Page:Liszt - Pages romantiques, 1912, éd. Chantavoine.djvu/225

La bibliothèque libre.
Le texte de cette page a été corrigé et est conforme au fac-similé.

VIII[1]

À M. LAMBERT MASSART[2]

En vérité, mon ami, c’est un grotesque personnage que celui de musicien-voyageur.
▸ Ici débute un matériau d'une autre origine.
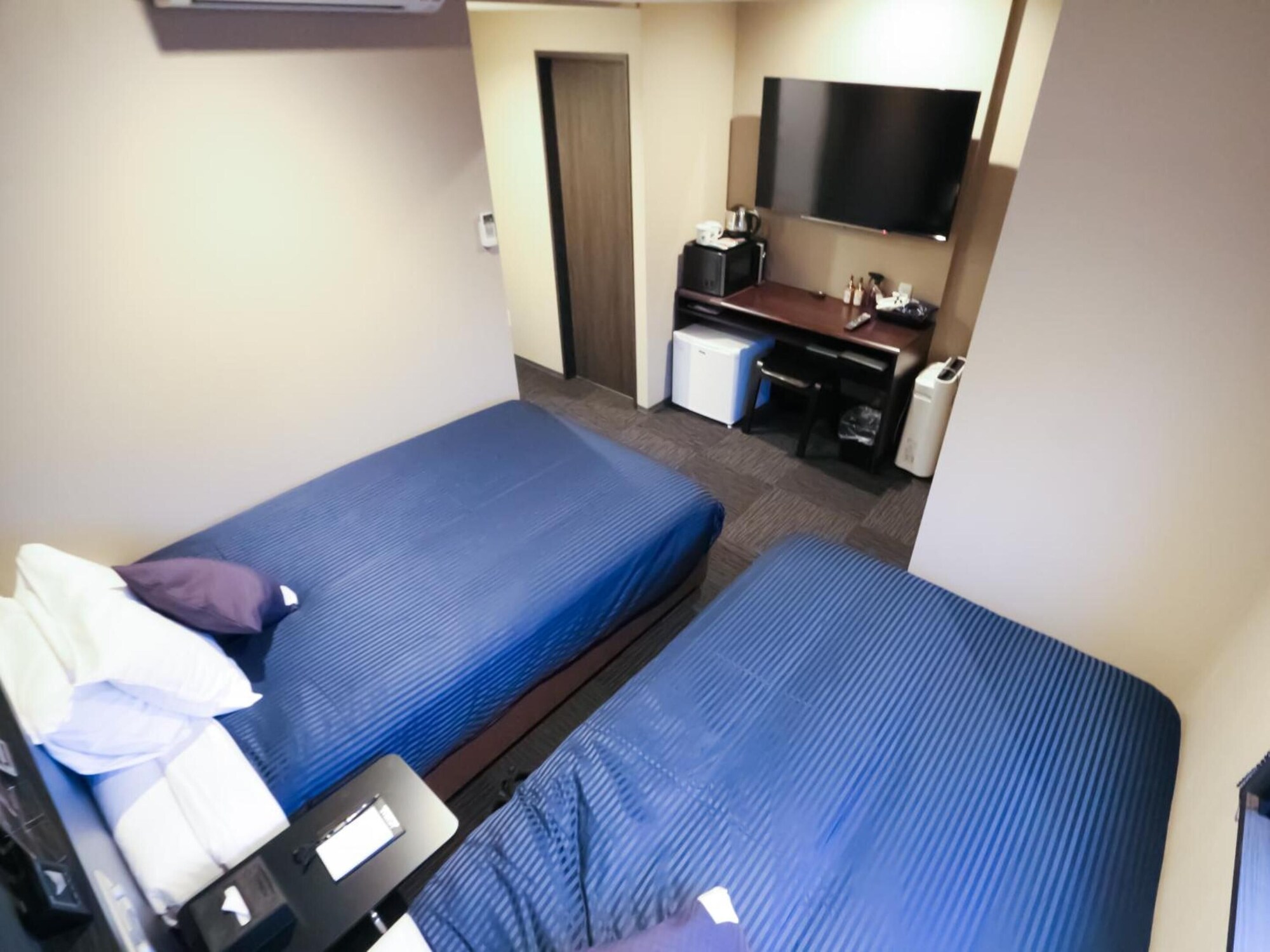 ROOM, TWIN BEDS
Je n’en connais point qui fasse une plus piteuse figure, une plus fâcheuse contenance, alors qu’il s’en va de contrée en contrée, de ville en ville, de bourgade en bourgade, merveille ambulante au milieu des immuables merveilles de la nature, célébrité d’un jour passant à l’ombre des grands noms qui ont traversé les siècles ; inutile baladin, troubadour malencontreux, mêlant le son de sa guitare au bruit des discordes civiles, au retentissement des luttes et des déchirements qui travaillent le monde.

Le peintre qui voyage ne s’engage point dans d’aussi choquants contrastes ; il vit indépendant et solitaire ; la nature extérieure, qu’il aime, qu’il

  1. Gazette Musicale, 2 septembre 1838.
  2. Lambert Massart (1811-1802) violoniste, professeur au Conservatoire.